*** Given records Section Begins ***
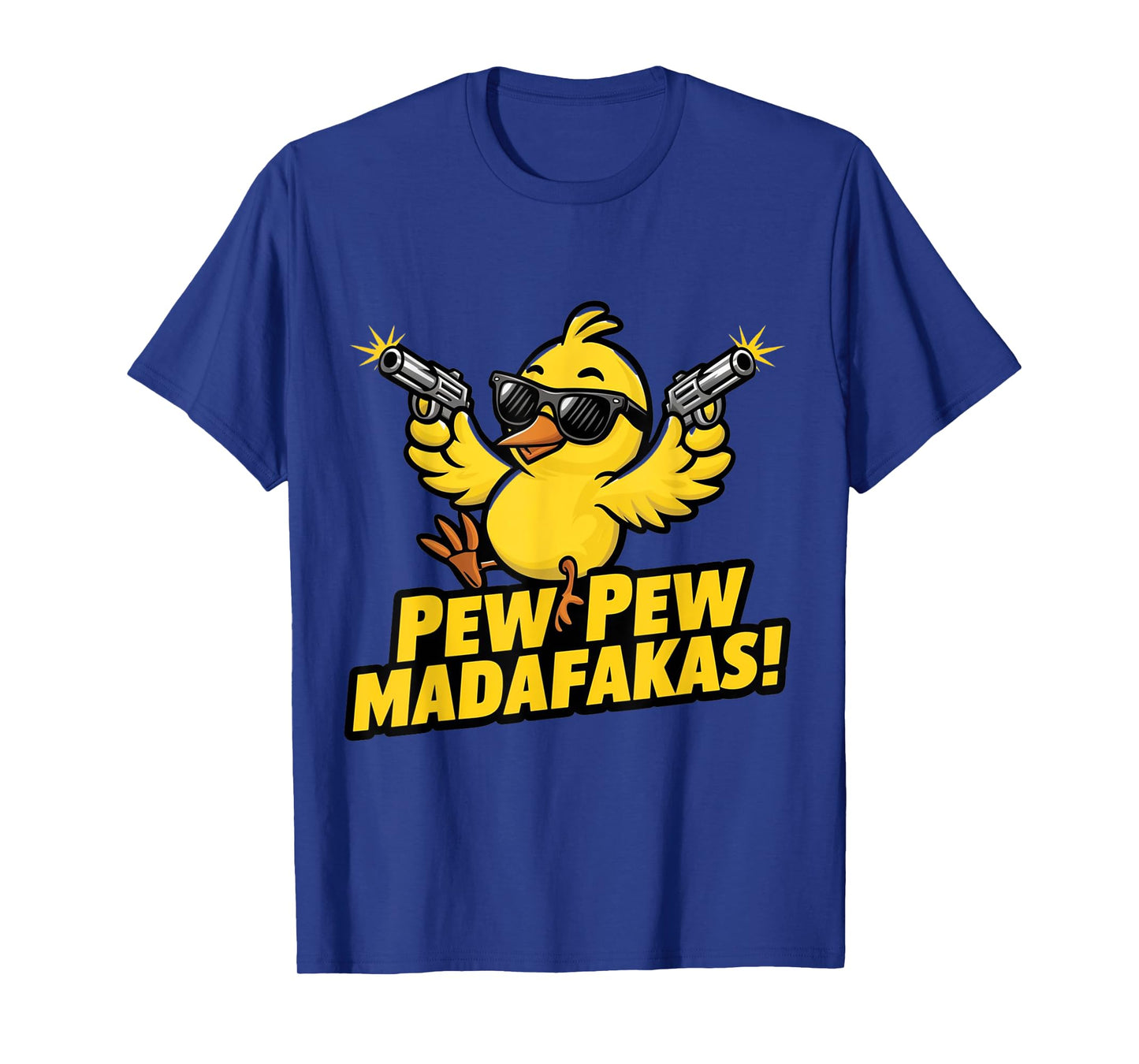 Pew Madafakas Pew Retro Chick with Guns for Duck Enthusiasts T-Shirt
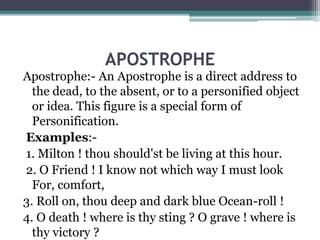 APOSTROPHE
Apostrophe:- An Apostrophe is a direct address to
the dead, to the absent, or to a personified object
or idea. This figure is a special form of
Personification.
Examples:-
1. Milton ! thou should'st be living at this hour.
2. O Friend ! I know not which way I must look
For, comfort,
3. Roll on, thou deep and dark blue Ocean-roll !
4. O death ! where is thy sting ? O grave ! where is
thy victory ?
 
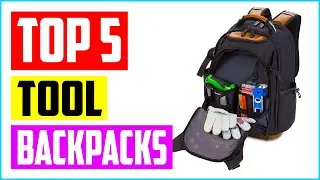 Top 5 Best Tool Backpacks in 2022 Reviews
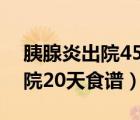 胰腺炎出院45天恢复期食谱大全（胰腺炎出院20天食谱）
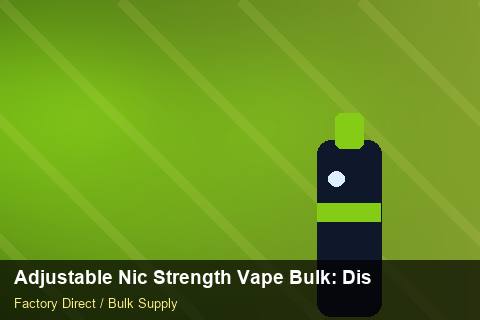 Adjustable Nic Strength Vape Bulk — Adjustable Nic Strength Vape Bulk: Distribution Channels — Common Mistakes photo 2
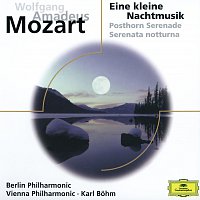Berliner Philharmoniker, Wiener Philharmoniker, Karl Bohm – Mozart: Eine kleine Nachtmusik; Posthorn Serenade; Serenata Notturna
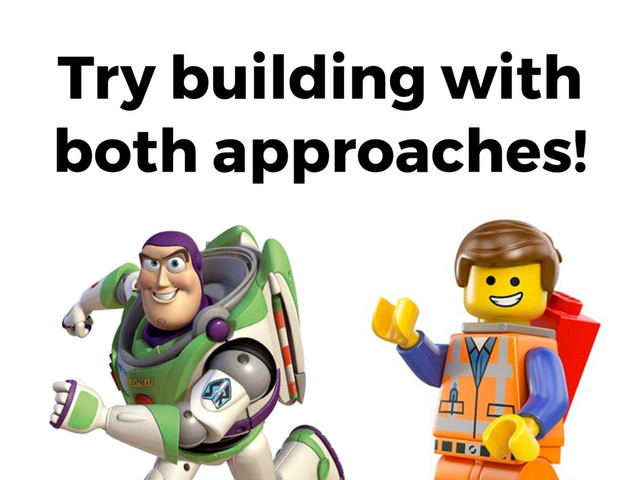 Try building with
both approaches!
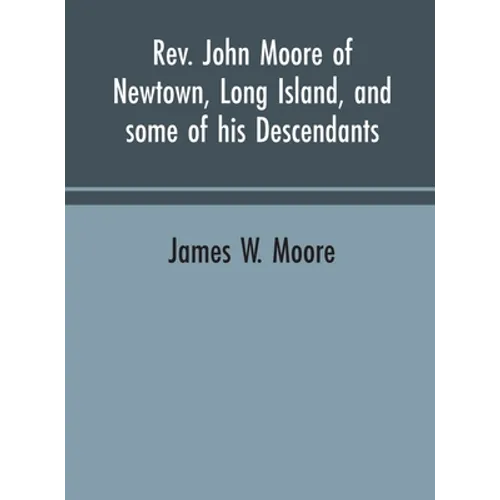 Rev. John Moore of Newtown, Long Island, and some of his descendants - Hardcover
*** Given records Section Ends ***
- Aim of the task -
The pictures are not part of the copy. Retype everything else in the entries exactly.

- Solution for this task -
 Pew Madafakas Pew Retro Chick with Guns for Duck Enthusiasts T-Shirt
 APOSTROPHE
Apostrophe:- An Apostrophe is a direct address to
the dead, to the absent, or to a personified object
or idea. This figure is a special form of
Personification.
Examples:-
1. Milton ! thou should'st be living at this hour.
2. O Friend ! I know not which way I must look
For, comfort,
3. Roll on, thou deep and dark blue Ocean-roll !
4. O death ! where is thy sting ? O grave ! where is
thy victory ?
 
 Top 5 Best Tool Backpacks in 2022 Reviews
 胰腺炎出院45天恢复期食谱大全（胰腺炎出院20天食谱）
 Adjustable Nic Strength Vape Bulk — Adjustable Nic Strength Vape Bulk: Distribution Channels — Common Mistakes photo 2
Berliner Philharmoniker, Wiener Philharmoniker, Karl Bohm – Mozart: Eine kleine Nachtmusik; Posthorn Serenade; Serenata Notturna
 Try building with
both approaches!
 Rev. John Moore of Newtown, Long Island, and some of his descendants - Hardcover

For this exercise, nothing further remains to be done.